2.1. Unless otherwise provided in the commercial offer/ quotation/budgetary offer (hereinafter referred to as “Commercial Offer”) the Contract shall become legally binding upon contractual agreement between the Customer and INOWA, i.e. acceptance of INOWA’ Commercial Offer by the Customer. However, the period for delivery of the goods (hereinafter referred to as “Goods”) shall commence only after final technical clarification and receipt of the payment security as per Article 3.3 (hereinafter referred to as “Effectiveness”). In case the payment security as per Article 3.3 has not been provided accordingly within 30 days after contractual agreement between the Customer and INOWA, INOWA may withdraw from the Contract without incurring any liability to the Customer.
2.2. Unless otherwise provided in the Commercial Offer INOWA shall deliver the Goods FOB European seaport according to Incoterms 2010. Title to the Goods shall pass to the Customer together with risk upon FOB delivery or upon warehousing; however, in case no payment security is provided by the Customer title to the Goods shall pass to the Customer upon full payment of the price of the Goods only.
2.3. The Goods shall be delivered according to the dates of delivery as per the Commercial Offer. For packing and marking of the Goods, INOWA’ standard procedures shall apply.
2.4. In case of a delayed delivery beyond the agreed delivery date due to reasons not attributable to INOWA, INOWA is entitled to charge the cost for ware housing on the Customer. In case of an INOWA owned ware house after a grace period of one month, in case of an external ware house with immediate effect.
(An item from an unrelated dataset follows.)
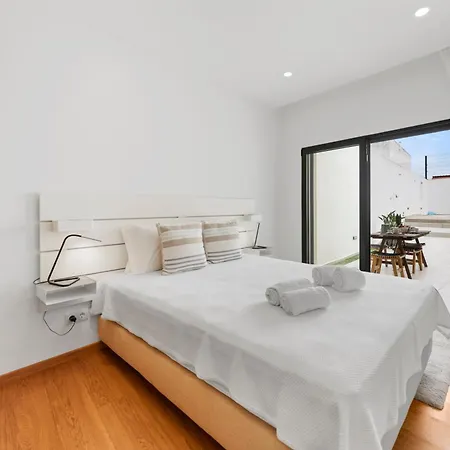 Apartment Jb Riamar L By Meditrust Alvor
This is not limiting INOWAS right for compensation of damages caused by a delay not solely attributable to INOWA.

3.1. The total price of the Goods and services (hereinafter referred to as “Contract Price”) shall be as per the Commercial Offer.
3.2. The Contract Price shall be due and paid as per the Commercial Offer.
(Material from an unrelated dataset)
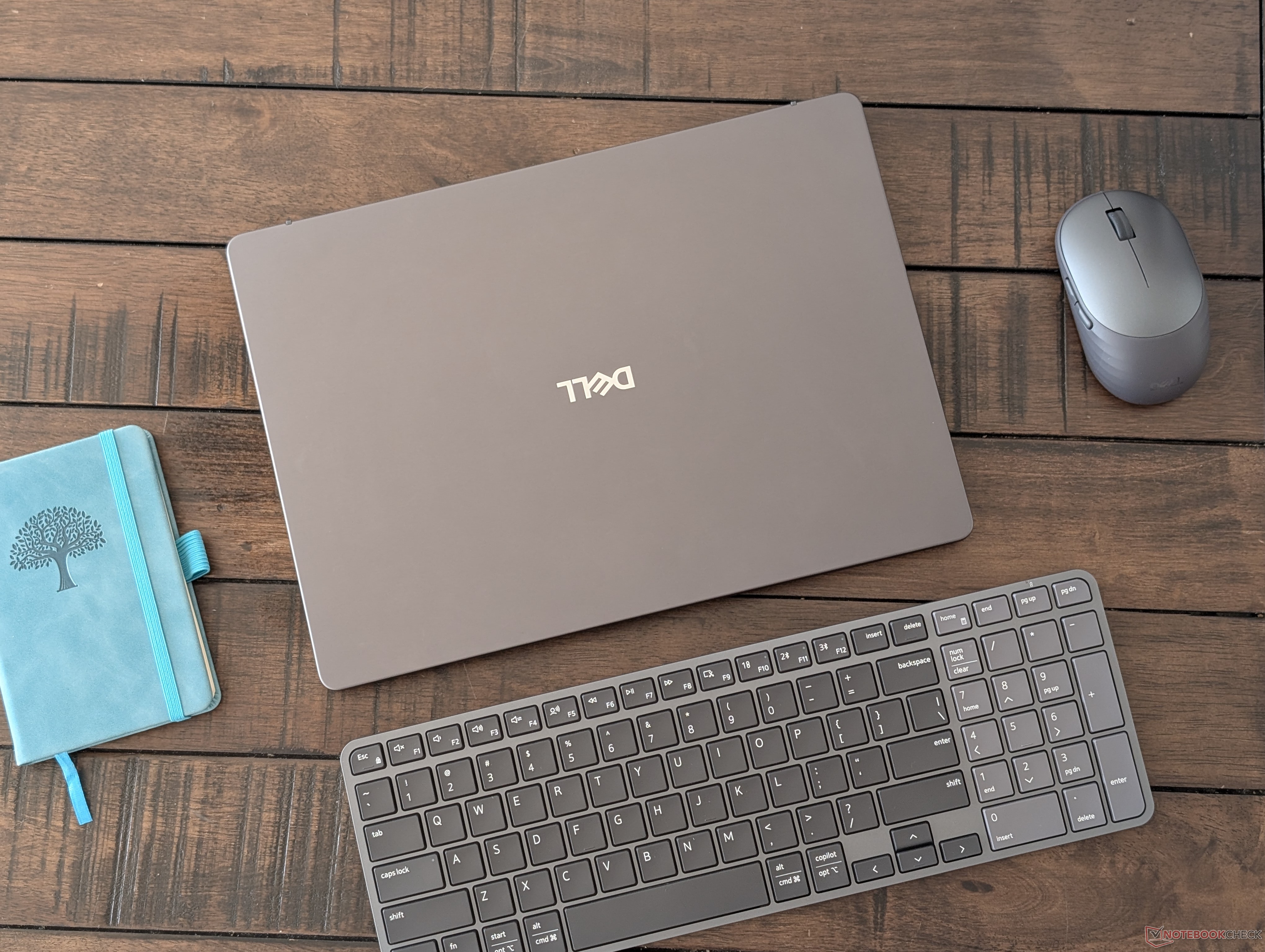 Dell Pro 7 14 P714260 review: Sticking with Intel has its advantages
3.3. Unless otherwise provided in the Commercial Offer the payments of the Customer to INOWA for the Goods shall be effected against presentation of the documents to be specified by an irrevocable, divisible, confirmed and transferable letter of credit (L/C) in favour of INOWA established by a first class bank, acceptable to INOWA, allowing sight payment and partial shipment or partial drawing, stale documents accepted. The L/C shall be opened within 30 days after contractual agreement between the Customer and INOWA as per Article 2.1 and shall have validity for the period covering the longest lead-item delivery plus two (2) months. In case delivery of the Goods should not be completed within the period covering the longest lead-item delivery the Customer shall extend the validity of the L/C accordingly.
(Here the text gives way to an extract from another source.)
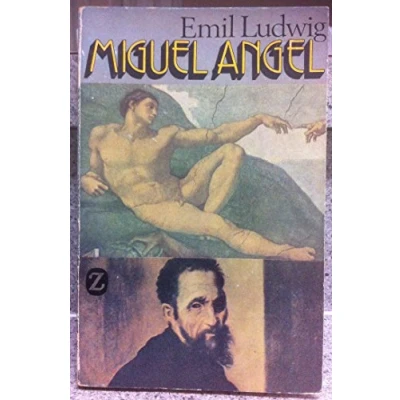 Imagen de Z Miguel Angel (BIOGRAFIAS)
3.4. In case of delay in payment the Customer shall be liable to pay interest of 9 % p.a.

The Customer shall bear and pay all taxes, dues, charges, fees, customs duties etc. levied on the Customer or levied by authorities in the Customer’s country on INOWA as a result of performance of the Contract. In case any such taxes etc. are directly imposed upon INOWA the Customer shall save INOWA harmless.

5.1. In case of delays in delivery of the Goods beyond the agreed period due to reasons within the control and responsibility of INOWA, INOWA shall after a grace period of 21 days be liable to pay liquidated damages of 0,5 % of the price of the delayed Goods per each completed week of delay. The maximum total of damages and liquidated damages for delay in delivery of the Goods shall be 5 % of the Contract Price for the Goods.
5.2. Payment of liquidated damages shall serve as sole remedy and constitute full and final settlement of any and all claims which may arise from a delay. In case a delay has not caused costs or damages to the Customer INOWA shall not be liable to the Customer.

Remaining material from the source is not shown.